Explore Holy Taco

25 Hot VH1 Celebreality Chicks

 
Word came down from on high yesterday that Shaquille O’Neal has gone and done the only reasonable thing a person with his cash and status should do. He got engaged to a chick from Flavor of Love.
 
And not just any girl from Flavor of Love, but the winner of Flavor of Love season one, Nicole "Hoopz" Parker. That means she almost certainly banged Flavor Flav, repeatedly. Good call, Shaq!
 
Here are 25 VH1 Celebreality show girls.
 

 

Tully Jensen – My Antonio

 
Tully Jensen
 

Christi Shake – My Antonio

Christi Shake
 

Brooke Hogan – Hogan Knows Best

Brooke Hogan
 

Adrianne Curry – The Surreal Life

 

Hoopz – Flavor of Love

Hoopz Flavor of Love
 

Daisy De La Hoya – Rock of Love

 

Lacey Conner – Rock of Love

Lacey Conner
 

Nikki Shamdasani – Rock of Love Bus

 

Taya Parker – Rock of Love Bus

 

Tamara Witmer – Rock of Love

 

Ahmo Hight – Real Chance of Love

Ahmo Hight
 

Traci Bingham – The Surreal Life

Traci Bingham
 

Trishelle Cannatella – The Surreal Life

Trishelle Cannatella
 

Ryan Starr – The Surreal Life

Ryan Starr
 

Caprice Bourret – The Surreal Life

 

Andrea Lowell – The Surreal Life

 

Jenna Morasca – Celebrity Paranormal Project

Jenna Morasca
 

Mia St. John – Celebrity Paranormal Project

Mia St. John
 

Bridget Marquardt – Celebrity Paranormal Project

 

Vivica A. Fox – Glam God

Vivica A. Fox
 

Megan Hauserman – Rock of Love

Megan Hauserman
 

Jessica Simpson – The Price of Beauty

Jessica Simpson
 

Nicole Eggert – Celebrity Fit Club

Nicole Eggert
 

Jes Rickleff – Rock of Love

 

Yikes.

Flavor Flav Brigitte Nielsen

 

 

10 Responses to "25 Hot VH1 Celebreality Chicks"
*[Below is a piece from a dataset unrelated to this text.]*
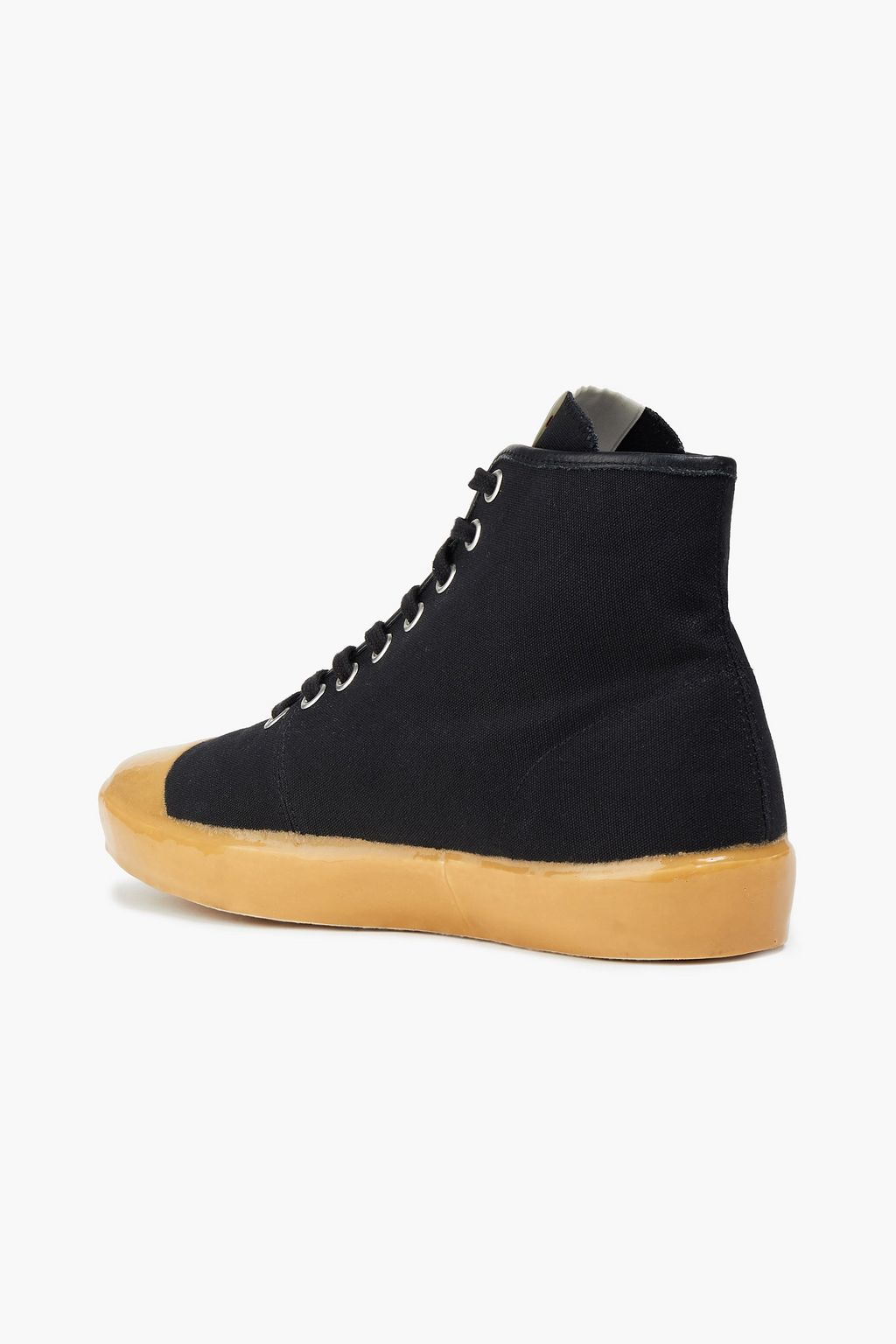 MARNI Leather-trimmed cotton-canvas high-top sneakers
  1. the representative says:

    fuck you rundy ass wipe.. im first not you you mother loving aunty ass shit eating son of a randy cactus eating bitch.
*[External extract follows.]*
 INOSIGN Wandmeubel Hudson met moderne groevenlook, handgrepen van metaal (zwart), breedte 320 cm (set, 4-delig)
    also, i’ve done em all. up their freshly enema’ed asses. (i never fuck shitty asses). in front of their significant others. who are depressed now. so..there.

  2. rundycleavage says:

    first

  3. Rick says:

    SKANKS

  4. Rahm Emmanuel says:

    they all have dicks

  5. Barry Soetoro says:

    @rahm

    I’ll see you after dinner, sweetheart. Don’t forget our date to the For Man in chicago…

  6. DonkeyXote says:

    Oh right, because he’s been fucking a caucasian and his melanin pigment has somehow diminished. Gotta love your lame cartooney remarks! Woop woop.

  7. pratik says:

    If Shaq looks a little more pale than usual this season while on the LeBron-less Cavs, I guess we’ll know why.

  8. DonkeyXote says:

    How do those trannies (Traci Bingham, Nikki Shamdasani & Hopz) qualify as “hot vh1 celebrities”, let alone “chicks”. BAAAAAAAAAAAAARF!!

  9. DonkeyXote says:

    Hoopz*

    Right back at ya, you fuckin’ spelling Nazis!

  10. I’m watching more VH1 except for the favor flav stuff.